=== Supplied entries ===
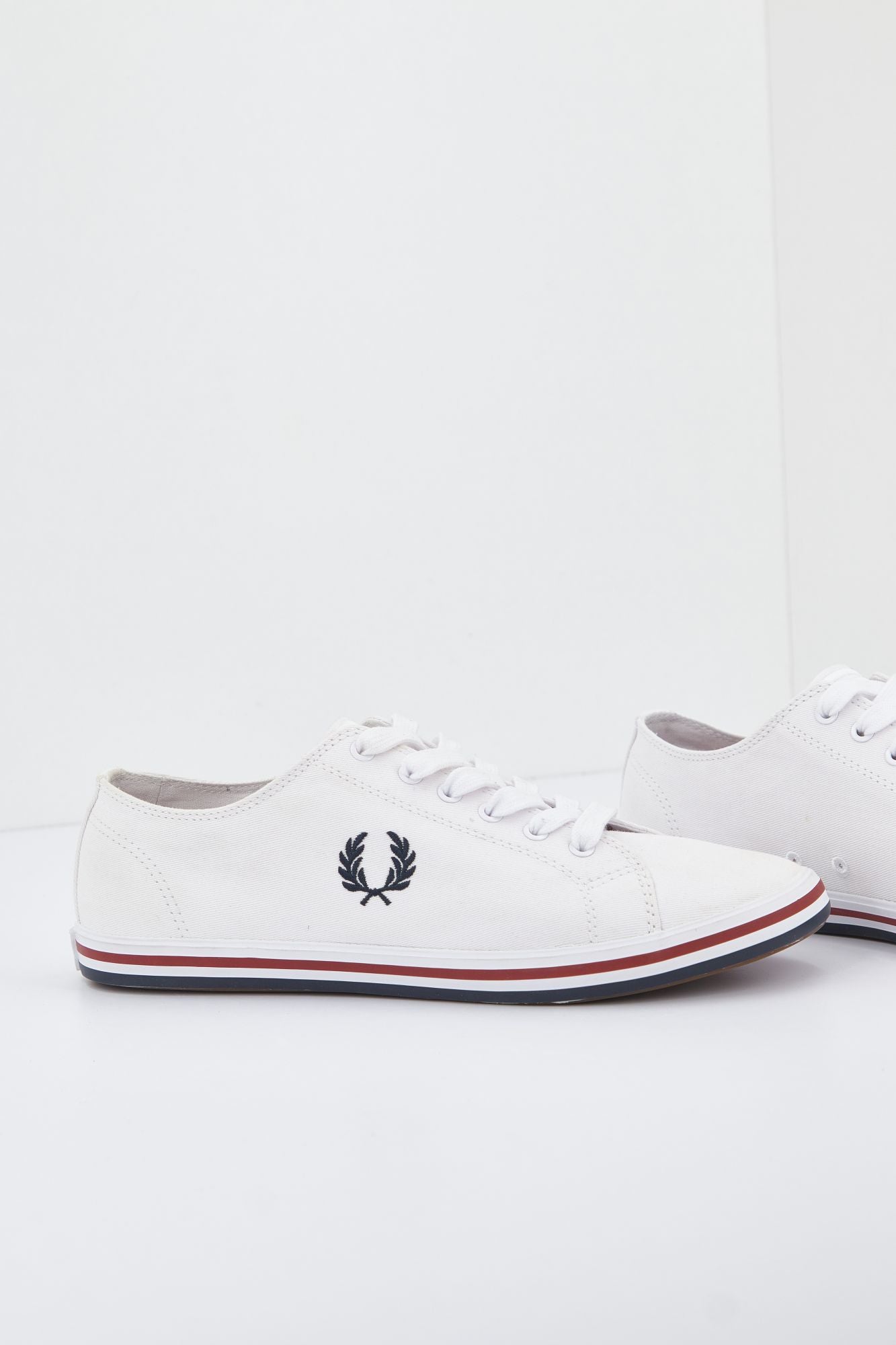 FRED PERRY KINGSTON TWILL en color BLANCO (1)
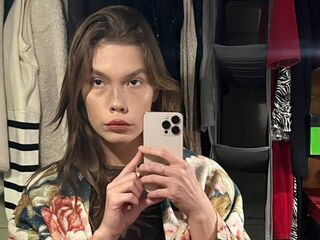 shower webcam RubyRedkis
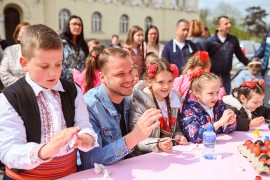 Banjaluka: Mališani ukrašavali jaja, pridružio im se i gradonačelnik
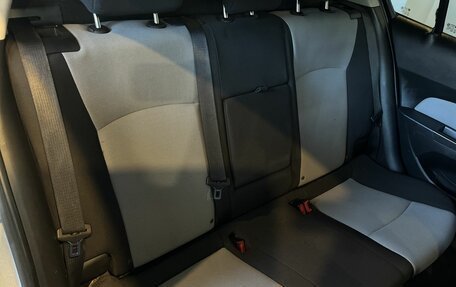 Chevrolet Cruze II, 2011 год, 555 000 рублей, 34 фотография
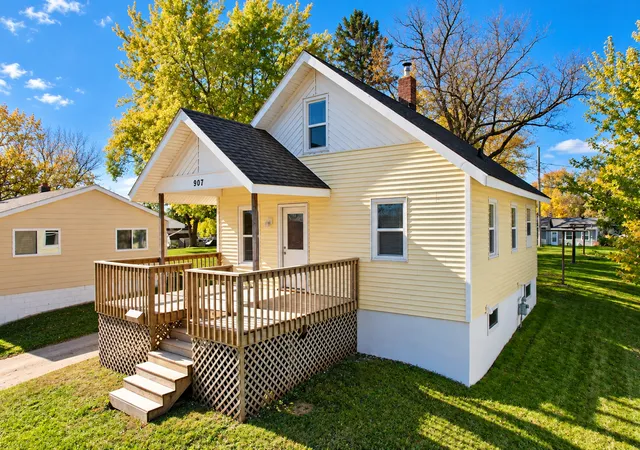 Photo 2 of Single family home for sale at 907 N Baird Ave, Fergus Falls, MN 56537 | MLS# 7145496 | Listing updated on 2026-10-23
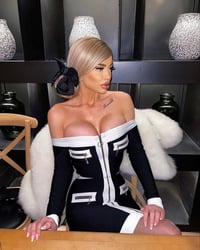 فستان مكشوف الأكتاف قصير - صورة 2
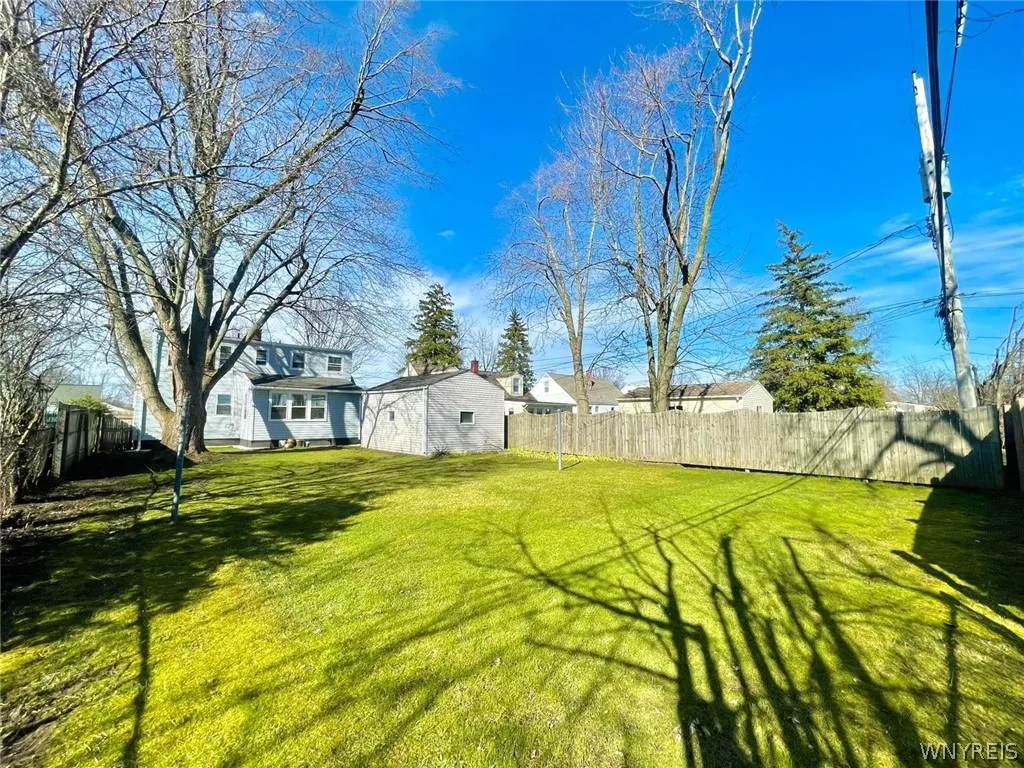 265 Harrison Avenue, Tonawanda-town, New York 1422, Tonawanda, New York 14223, 4 Bedrooms Bedrooms, 9 Rooms Rooms,2 BathroomsBathrooms,Residential,Closed,265 Harrison Avenue, Tonawanda-town, New York 1422,0,B1538906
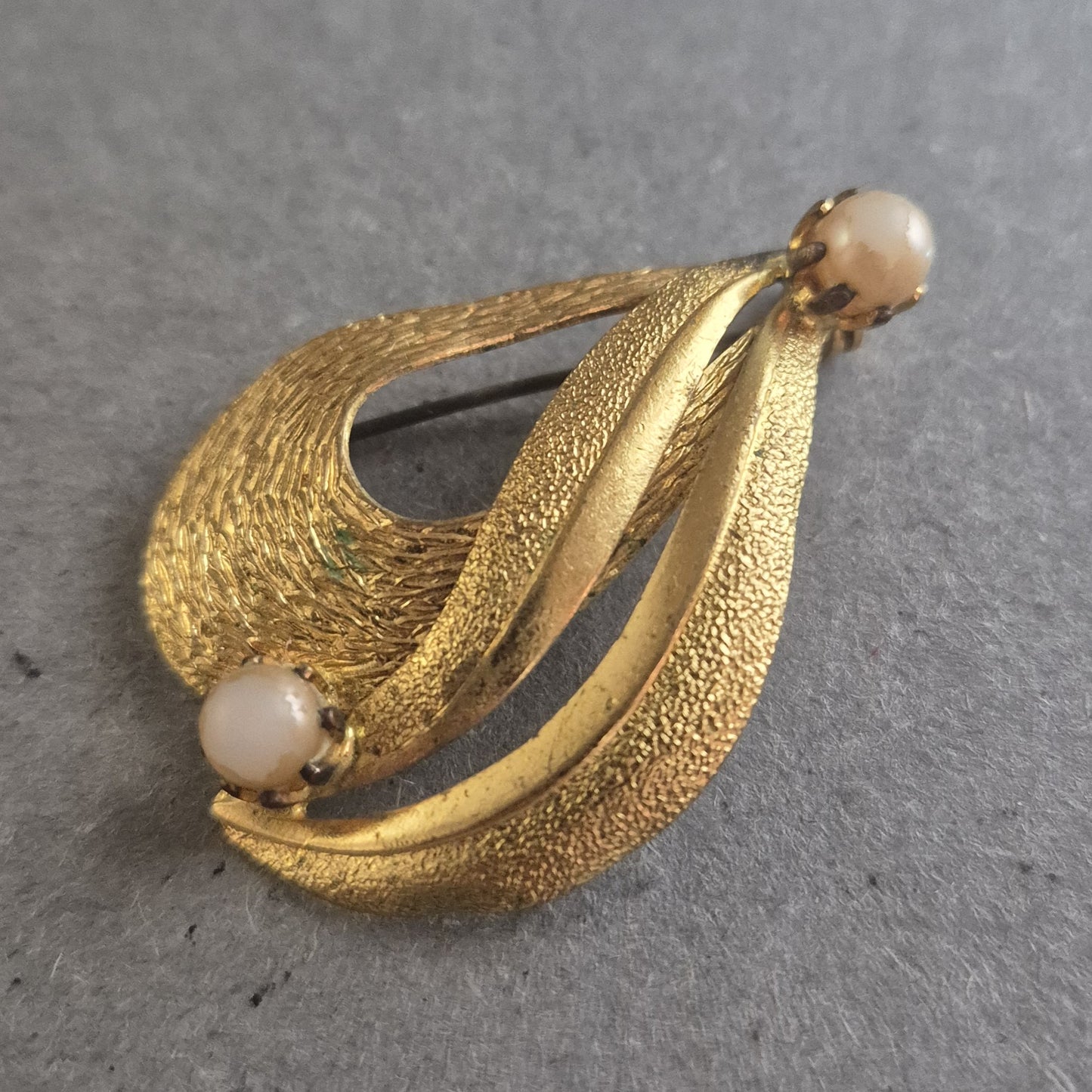Vergoldete Vintage-Brosche mit Perlenakzenten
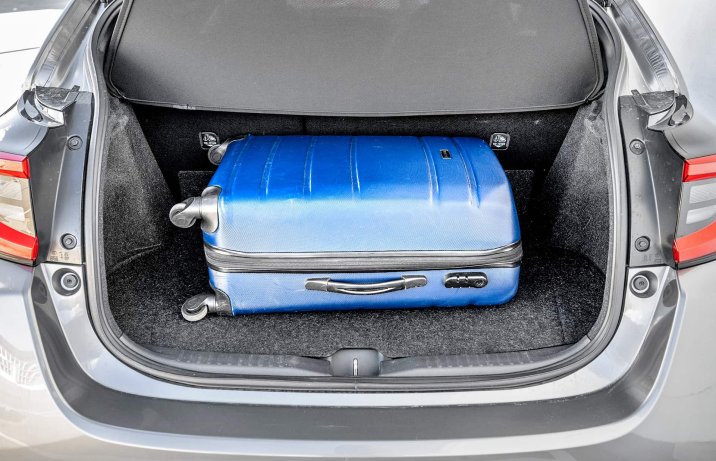 Toyota GR Yaris 1.6 Turbo 8 A/T Gazoo Racing Direct – bagażnik z walizką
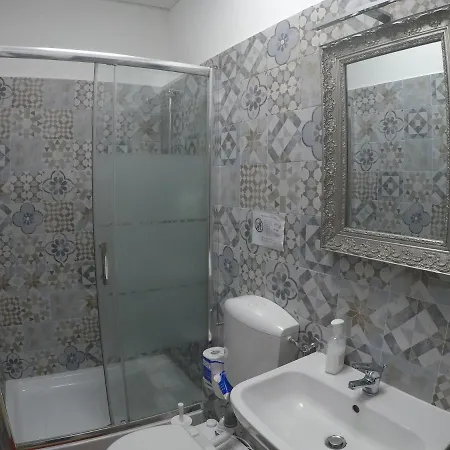 Home Genoa Hostel 호스텔 제노바
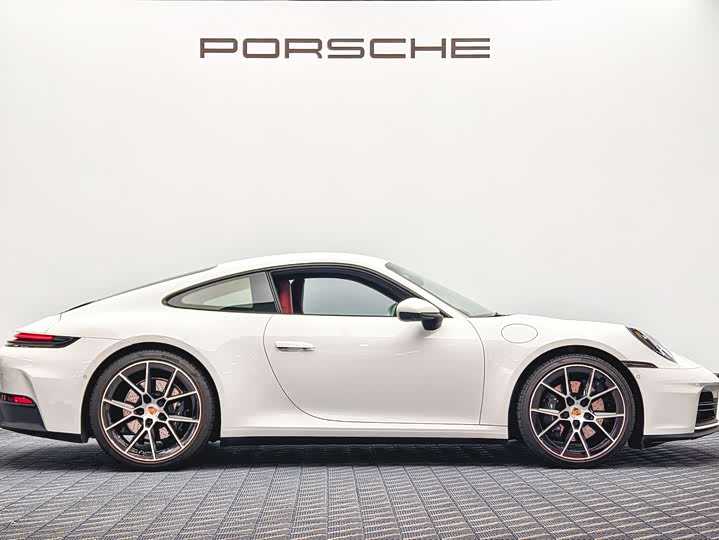 Porsche 911 2025 2025款 Carrera 3.0T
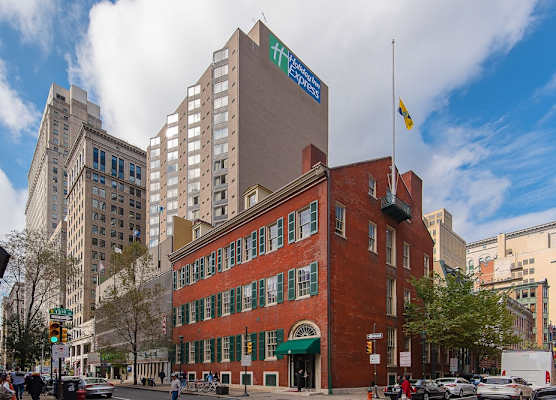 Holiday Inn Express PHILADELPHIA-MIDTOWN by IHG 1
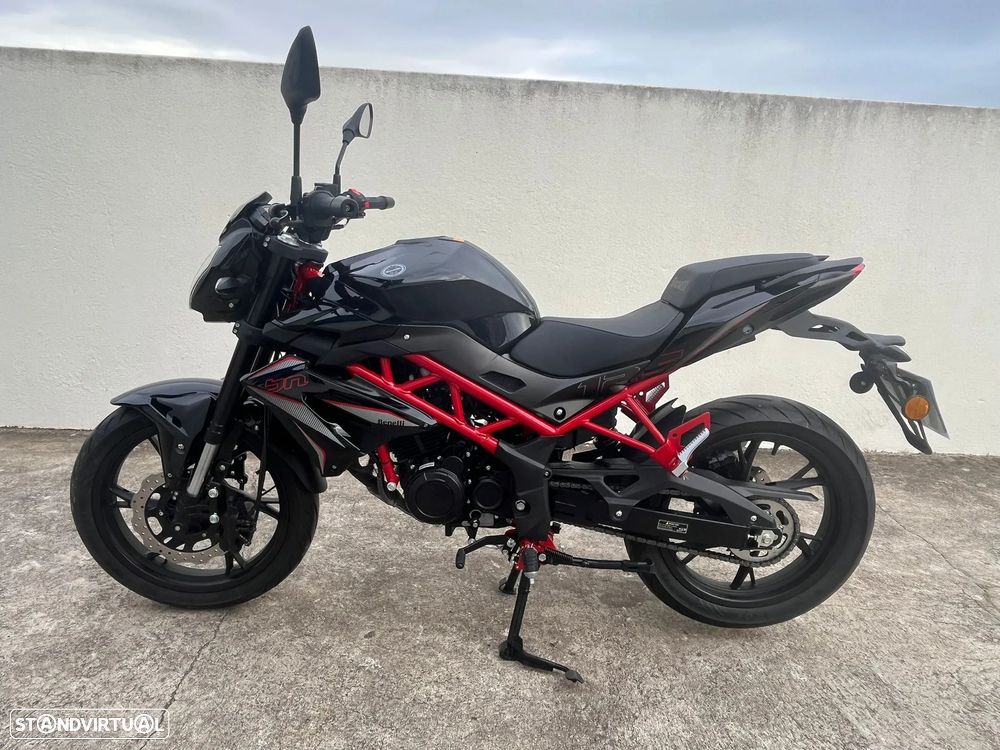 Benelli BN 125 - GARANTIA DE FÁBRICA ATÉ 11/2028 - 2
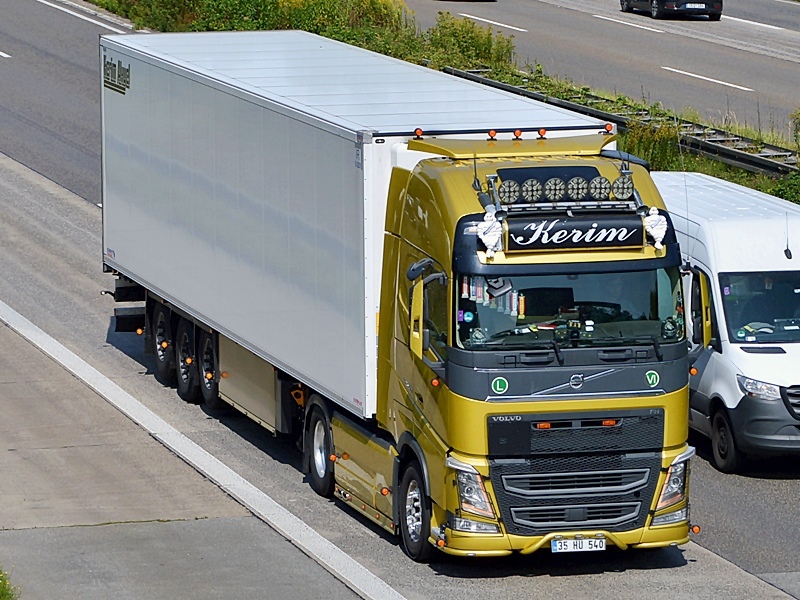 Volvo, Kerim, 35 HU 540, TR 0039.jpg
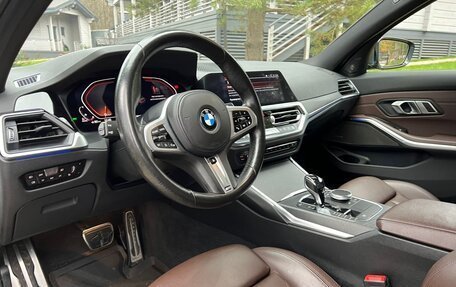 BMW 3 серия, 2019 год, 4 490 000 рублей, 14 фотография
===
Print exactly the lines running from the start of the entries above to the line with "Porsche 911 2025 2025款 Carrera 3.0T", both included; leave out any pictures.

• Answer box:
 FRED PERRY KINGSTON TWILL en color BLANCO (1)
 shower webcam RubyRedkis
 Banjaluka: Mališani ukrašavali jaja, pridružio im se i gradonačelnik
 Chevrolet Cruze II, 2011 год, 555 000 рублей, 34 фотография
 Photo 2 of Single family home for sale at 907 N Baird Ave, Fergus Falls, MN 56537 | MLS# 7145496 | Listing updated on 2026-10-23
 فستان مكشوف الأكتاف قصير - صورة 2
 265 Harrison Avenue, Tonawanda-town, New York 1422, Tonawanda, New York 14223, 4 Bedrooms Bedrooms, 9 Rooms Rooms,2 BathroomsBathrooms,Residential,Closed,265 Harrison Avenue, Tonawanda-town, New York 1422,0,B1538906
Vergoldete Vintage-Brosche mit Perlenakzenten
 Toyota GR Yaris 1.6 Turbo 8 A/T Gazoo Racing Direct – bagażnik z walizką
 Home Genoa Hostel 호스텔 제노바
 Porsche 911 2025 2025款 Carrera 3.0T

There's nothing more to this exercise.